How to use Hadoop for Fraud Analytics
Flourishing Technology Industry posses the other side of the coin as well. With an exponential rise in the secured internet usage comes the loop holes to get through those security doors. Fraud applies to all industries and affects businesses of all sizes. Online fraud is an unfortunate consequence of today’s globalized living and closely connected world.
Big Data Predictive Analysis provides better scope in detecting and capturing frauds.
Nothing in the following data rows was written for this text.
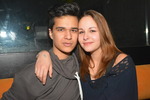 Silvester Party 12510082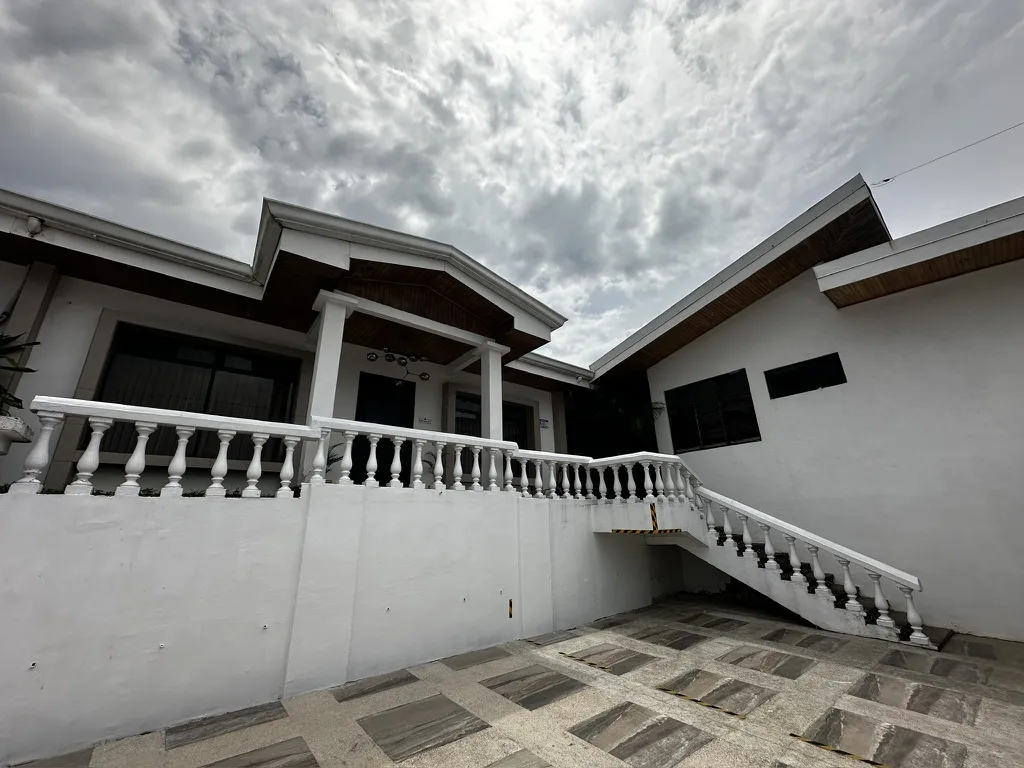CasAguacate Hotel Boutique — 3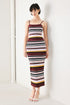 midnight-stripe-sweater-knit-midi-dress-sophias-style-5
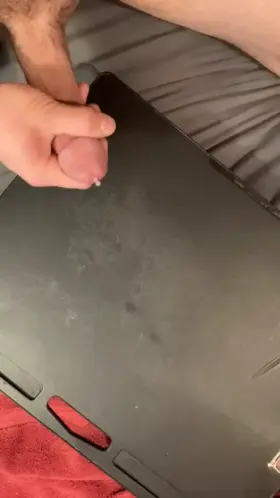 Im shooting for four loads today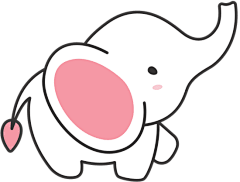 珊瑚love采集到系列素材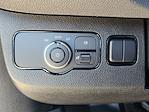2026 Mercedes-Benz Sprinter 3500XD High Roof DRW AWD Empty Cargo Van for sale #TTT602702 - photo 18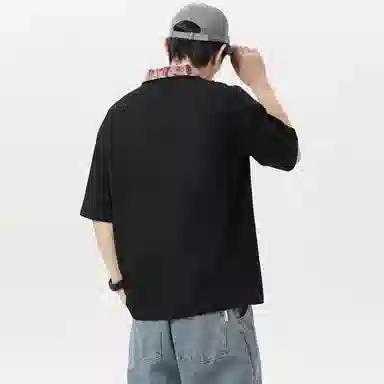 ADOONGA T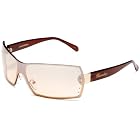 Union Bay U425 Sunglasses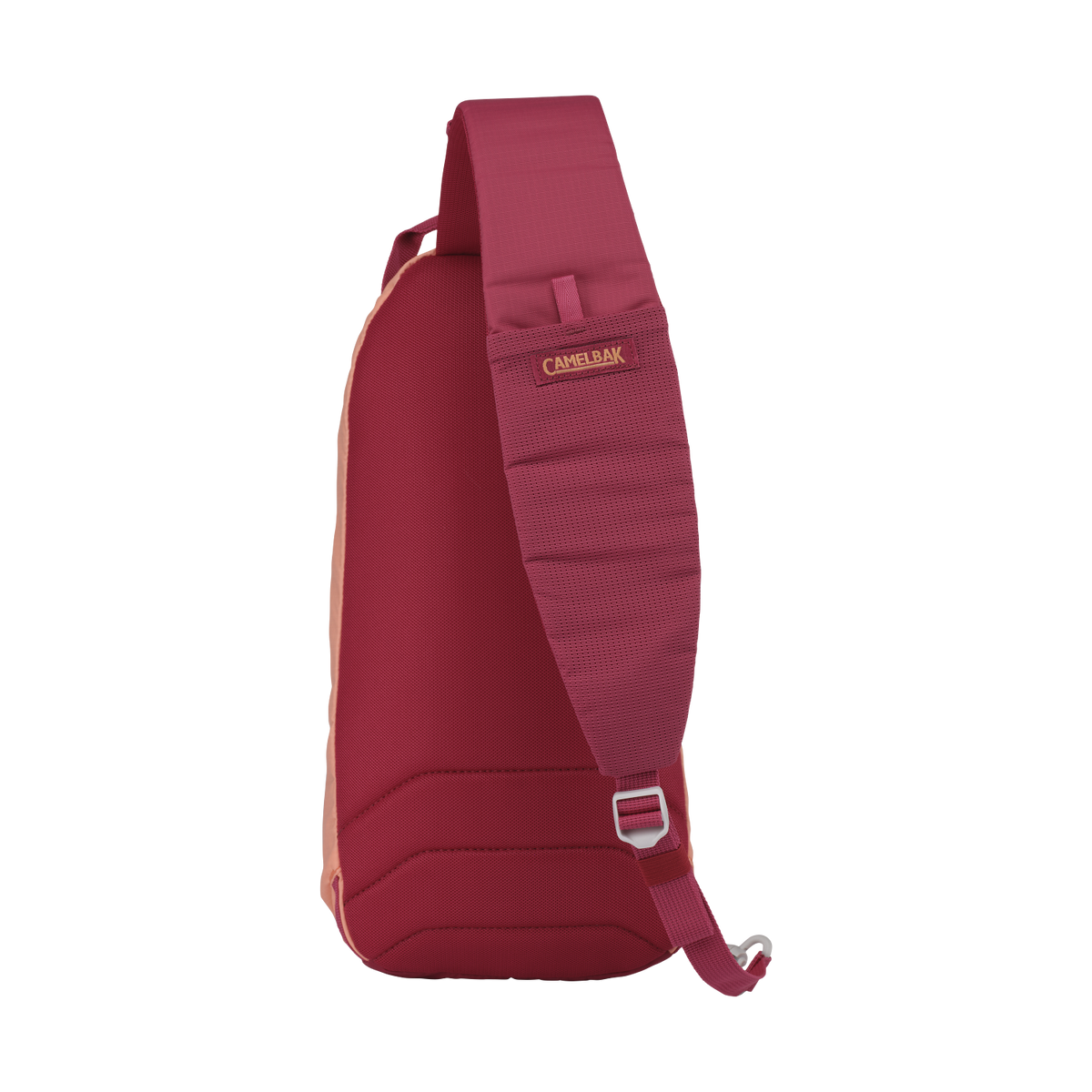 aretetm-sling-8-0-6l-h3 4kfj7xegk8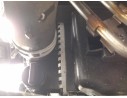 Recambio de radiador agua para dacia sandero iii 1.0 tce 90 referencia OEM IAM 214103645R  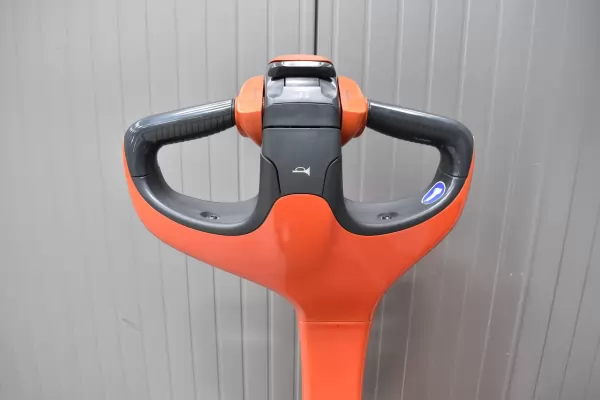 LINDE L 10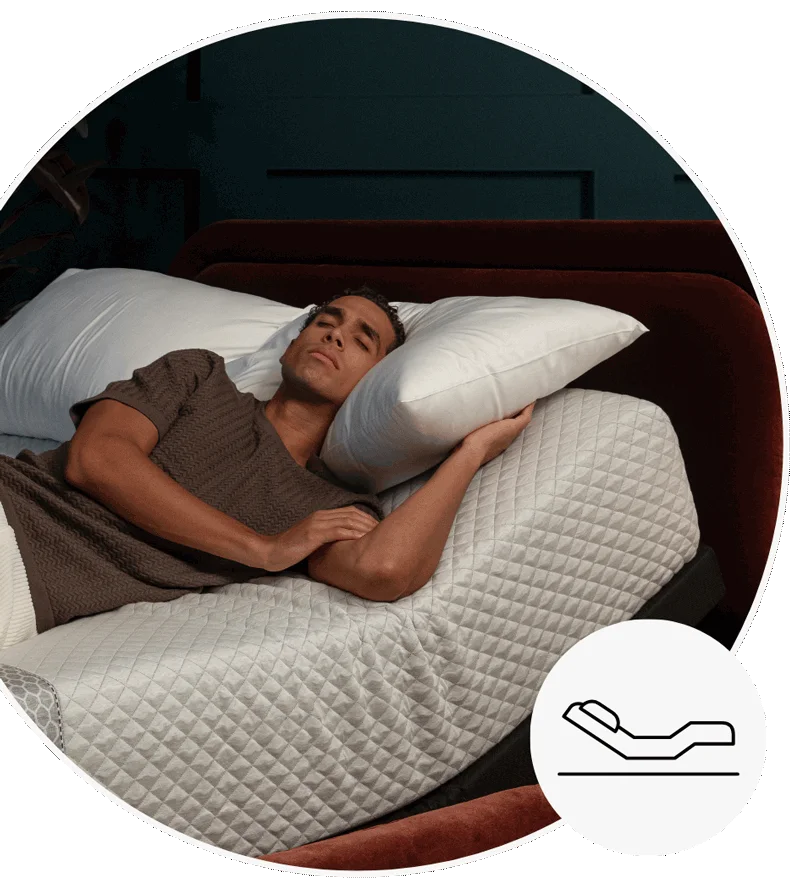 Enhance relaxation Image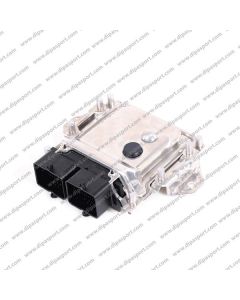 3391054L00 Ecu Bosch ME 17.9.51 Suzuki Sx4 1.6 VVT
There have already been many success stories that have come out of Big Data analytics. Various products like Hadoop, Lexis Nexis HPCC, Teradata AsterData, Kognito and Microsoft Dryad are available in the market and all of them have been quite successful in providing valuable insights in various industries. In this era of technical explosion where all of us are getting flooded with a deluge of data, now is the time for P&C insurers to embrace Big Data-driven analytics to fight claims fraud more effectively.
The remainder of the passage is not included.